By Edward Nawotka, Editor-in-Chief[poll id=88]
It’s no secret that translations can be a hard sell in the US market. That fact, coupled with the relatively high cost of investing in a literary translation — several thousands of dollars at a minimum and upwards of $10,000 to $15,000 or more for more complex titles — many US publishers are reticent to take on the challenge.
In a typical scenario, a publisher will pay for the rights to a book, and then pays a translator a fee for their work.
Certainly many publishers mitigate the cost of literary translation by securing grants and subsidies, often from overseas cultural organizations responsible for promoting literature abroad. But that often doesn’t cover the full cost of translation, publication and marketing.
Could — as suggested in today’s feature story “Opening the Floodgates for Translations” — leaving more money in the pocket of the publisher by eliminating or curtailing advance fees in lieu of offering translators royalties and greater acknowledgement — which can lead to more work — offer a solution? (This option has been discussed thoroughly on many translations message boards and online by authors.)

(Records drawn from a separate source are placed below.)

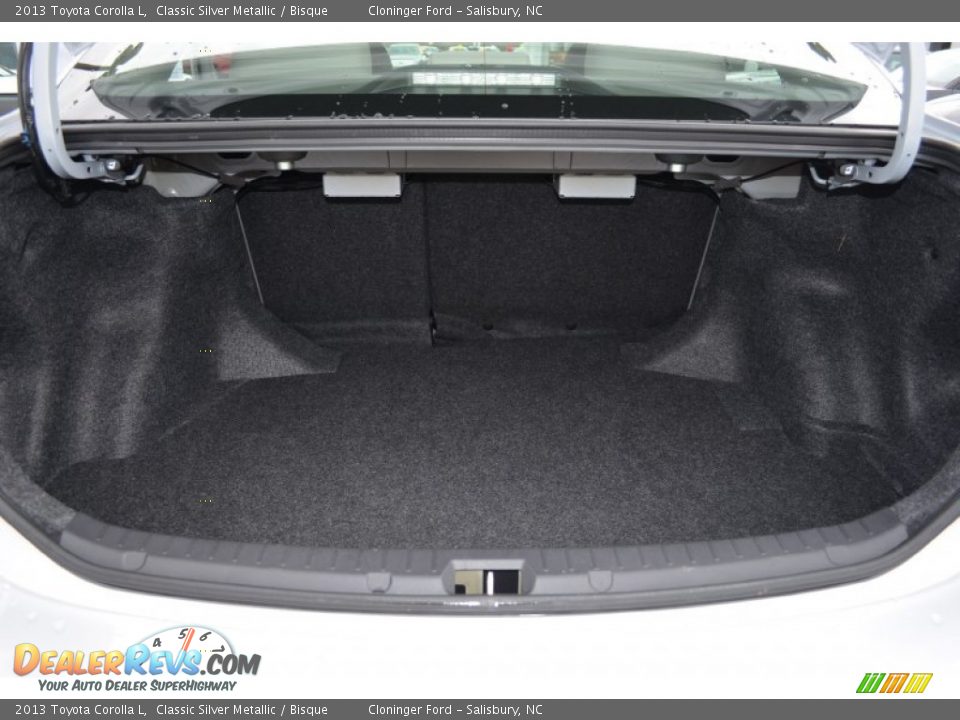 2013 Toyota Corolla L Classic Silver Metallic / Bisque Photo #17
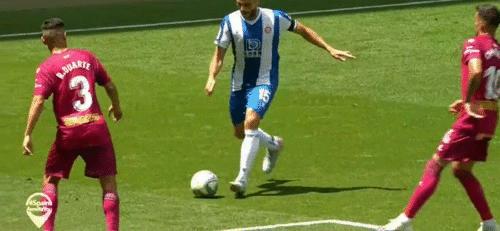 时隔两年再破门武磊替补献绝杀,武磊首次首发表现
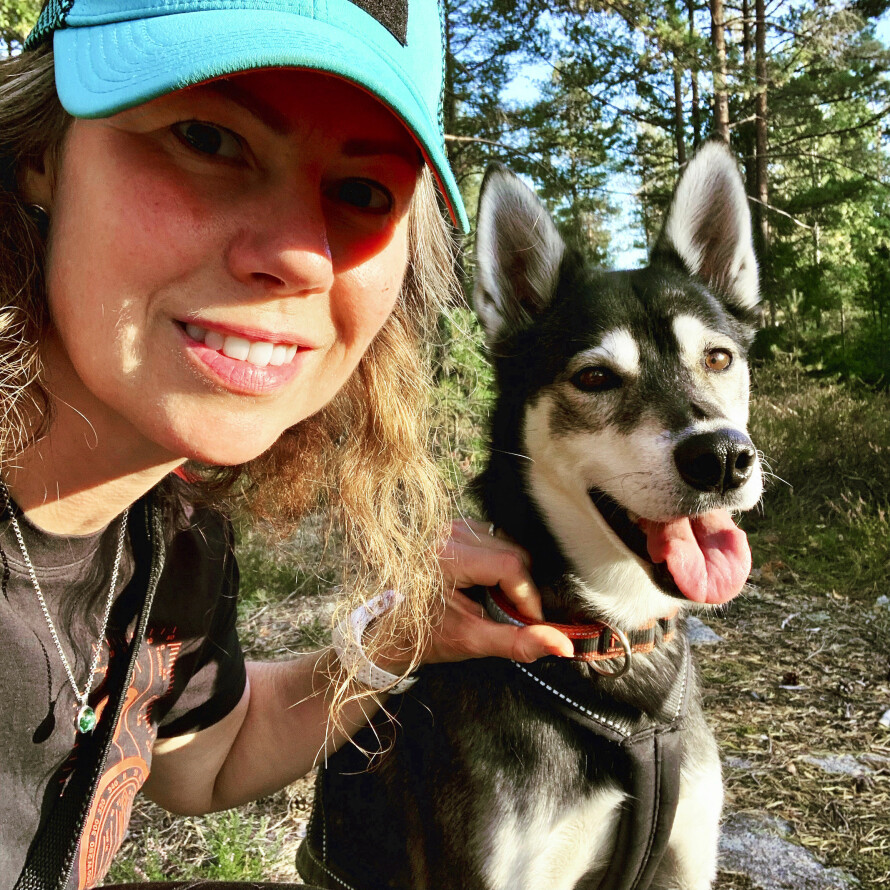 HUNDEN JOY: Trine har vokst opp med hund. I 2009 fikk hun Joy, en nå tolv år gammel Alaska husky og pensjonert trekkhund.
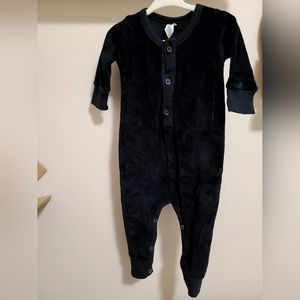 Kate Quinn 🖤terry romper🖤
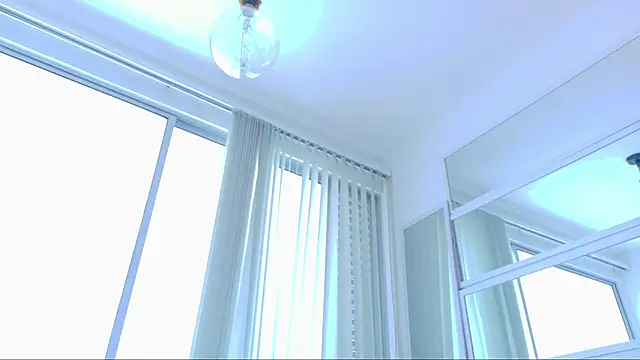 Sofhia cruz online show from January 2025 05:03:01 PM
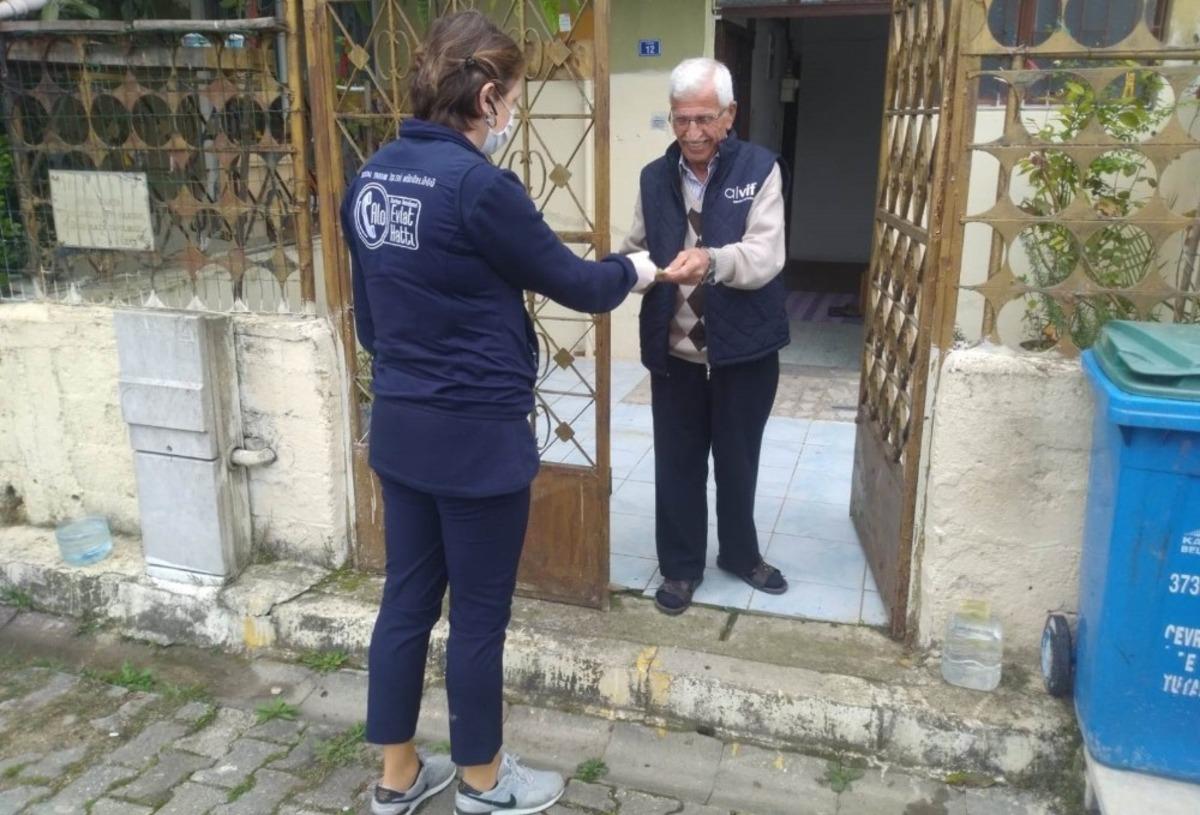 Kartepe Belediyesi, yaşlıların ihtiya&ccedil;larını karşılıyor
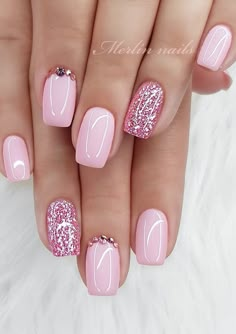 @merlin_nails Pale Pink Nail Art Designs, Cute Simple Nail Ideas For January, Neutral Nails Cute, Nail Ideas Plain Simple, Nail Ideas Natural Look, Pastel Pink Nail Ideas, Delicate Pink Nails, Princess Nail Ideas, Glittery Valentines Nails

In several countries around the world translators receive royalties by writ of legislation (Germany, for example), something which helps support a working class of translators. More translators who can make a living begets more translations. It’s a virtuous circle.
Of course, the risk of a “royalties only deal” is that many translations sell only a few hundred or thousand copies — resulting in what may be lower income overall for the work committed to the book.